De Witte credits De Kuyper’s innovation programme for its success, alongside the company’s flexibility and ability to react quickly to new trends, thanks to its in-house R&D and production capabilities. But how does a CEO with a busy schedule manage to keep close to market developments?
“It’s very important clearly to have the right organisation and market insight data, but also to have a very close network with the top bartenders – that’s one of the areas I do think we’re good in.” He sees amassing feet on the ground in key markets as a vital next step.
The art of juggling
The conversation shifts again to priorities – because, in de Witte’s words, “you can’t do it all, the world is too big”. There’s juggling to be done.
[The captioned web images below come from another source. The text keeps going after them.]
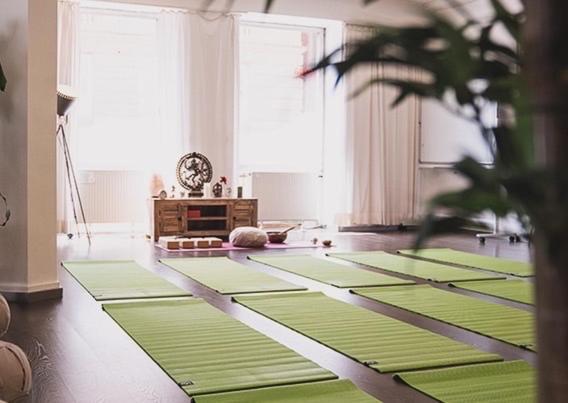 Superschoenes Studio Lunca 220Qm In Stuttgart West المظهر الخارجي الصورة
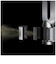 ダイソン　空気清浄ファン Dyson Purifier Cool Gen1 リモコン付き ホワイト/ホワイト TP10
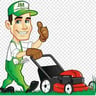 Spraklin Cleaning Services profile image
“I started the conversation by saying that our vision is to own the cocktail and to be an image leader on our range of liqueurs. At the same time we want to expand our premium spirits portfolio and it can be done by own brand extensions, like we are doing now with Rutte, and by acquisitions.”
His ambitions for the base spirit side of the business are such that he is aiming to shift the category split from 90% liqueurs/10% spirits, as it was a couple of years ago, to a 50/50 split, while growing the value of liqueurs.
De Witte admits it is a “pretty ambitious growth plan”, but he is clear the opportunities to build and acquire start now.
“We’re absolutely keen. Clearly in Rutte we have a great gin and genever brand. In that respect it is pretty unique. Since 1872 we’ve been famous for genever and later for gin; there are not many companies that have both and can claim to be specialist in premium juniper-based spirits. For acquisitions and own-brand developments, we are interested also in vodka, rum, and Bourbon.
“We’re very open. The good thing is we are a financially healthy company so when the right opportunity comes along, and depending on the size, we can and will [acquire].”
I remark that it must be an exciting time for de Witte personally and he enthusiastically agrees. There is a job to be done, but he clearly revels in the potential of the company and has the remit from the De Kuyper family to spearhead dynamic change and growth.
Getting Rutte “on the road” is an immediate challenge, but he also cites preparing the company for its expected growth and “transformation” as key. He’s already eyeing the off-trade and the at-home cocktail consumption market.
With different drinking occasions in the spotlight, along with a laser focus on key cities and clearly a sizeable appetite for acquisitions, the vision to own the cocktail suddenly seems achievable – and we wait with anticipation to see where de Witte takes his next steps.